Eneco Group’s performance in line with expectations

​Record investments in networks and more sustainable energy supply

Newsfacts:
  • Net profit growth of 3% to € 241 million
  • EBITDA increase to € 101 million
  • Investments again substantial at € 854 million
  • Electricity grid interruption duration down by 40%
  • Safety performance improved again
Summary

At the presentation of the results over the first half of 2013, we expressed the expectation that, under normal circumstances, the full year results would be at the same level as the 2012 results or higher. We have fulfilled this expectation; revenue was almost unchanged and net profit was up (+3%). This result enables us to continue with the realisation of our mission ‘sustainable energy for everyone’. In the past year, we invested the unsurpassed amount of € 854 million in enhancing the sustainability of the energy supply and the quality of our networks.

Jeroen de Haas, CEO Eneco Group
The energy sector is going through a large-scale transition, from fossil to renewable and from central to local generation of energy. Being an integrated energy company, Eneco started to focus on sustainability at an early stage. This puts us in a good position to reap the fruits of the developments in this sector. This is not only reflected in our positive results, but also in our ability to continue to make substantial investments in improving sustainability.

The result of our investments in 2013 and previous years is that we are able to generate more and more energy in a manner that is entirely sustainable. In the past year, the volume of wind energy in our sustainable energy portfolio increased from 1039MW to 1276MW, solar energy increased from 18 to 52MW and bio-energy from 67MW to134MW. This means that we can offer our customers an increasing number of sustainable propositions.

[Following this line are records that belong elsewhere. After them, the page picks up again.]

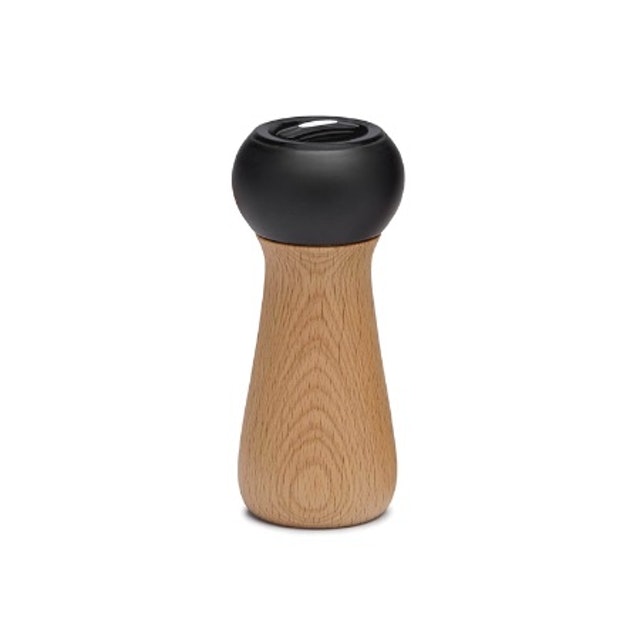 9. OXO Good Grips Lily Salt Mill, Light Wood 1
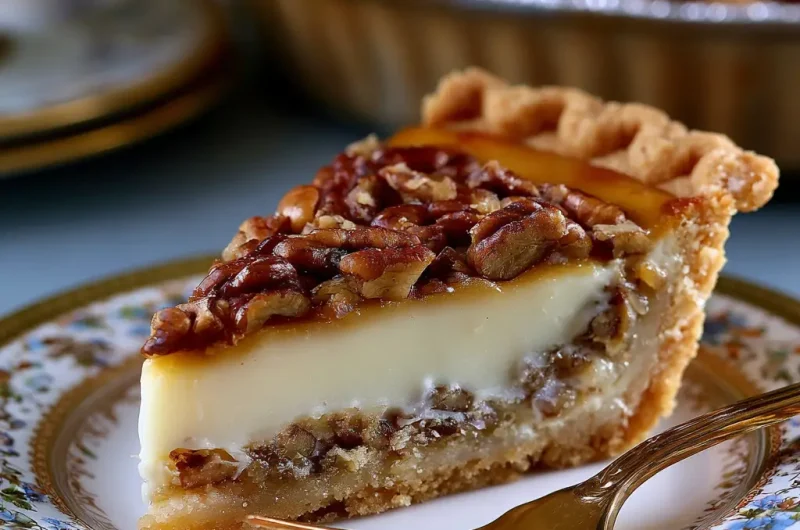 Delicious Pecan Cheesecake Pie Recipe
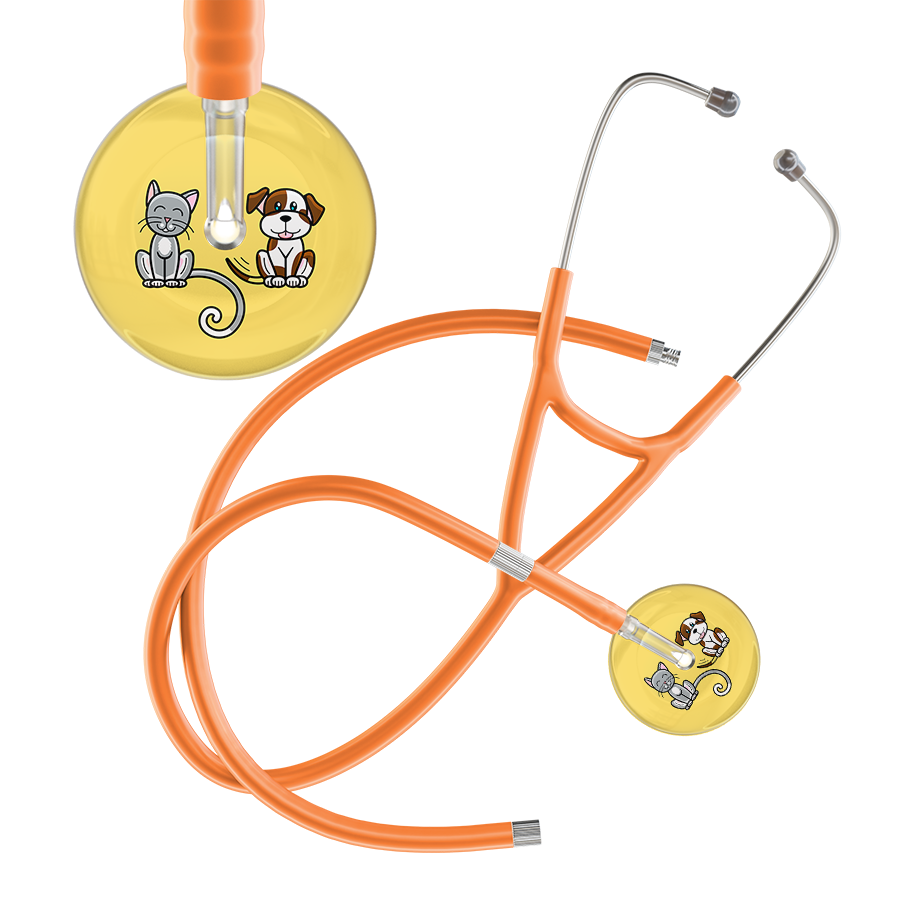 Light Cat & Dog Cardiology Stethoscope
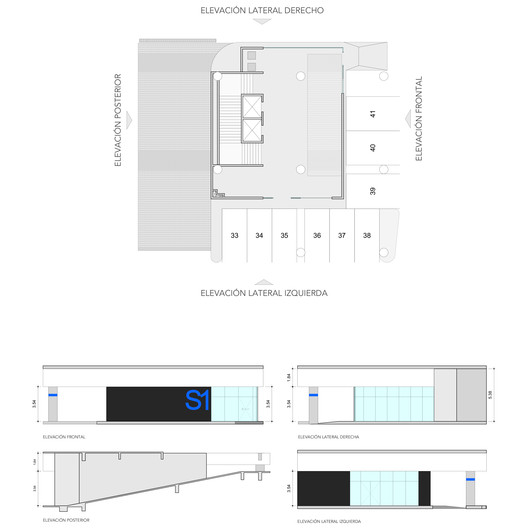 Etu Plaza / Olik Studio - Image 15 of 16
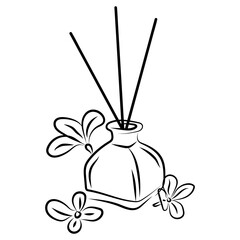 Line Illustration Element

Other issues in 2013 included the negotiations for the Dutch National Energy Agreement. The final agreement offers us the security that we need to continue our sustainability strategy. In October 2013, the European Court of Justice ruled that the Act relating to forced unbundling of energy companies (Independent Network Management Act, WON) is in breach with European regulations on free movement of capital and can only be justified under certain conditions. A Dutch court must now assess if this Act was the only possible alternative and if forced unbundling is the only way in which the Government can achieve its objectives pursued. Although the ruling of the Court of Justice was not a final decision, we regard subsequent procedures with confidence.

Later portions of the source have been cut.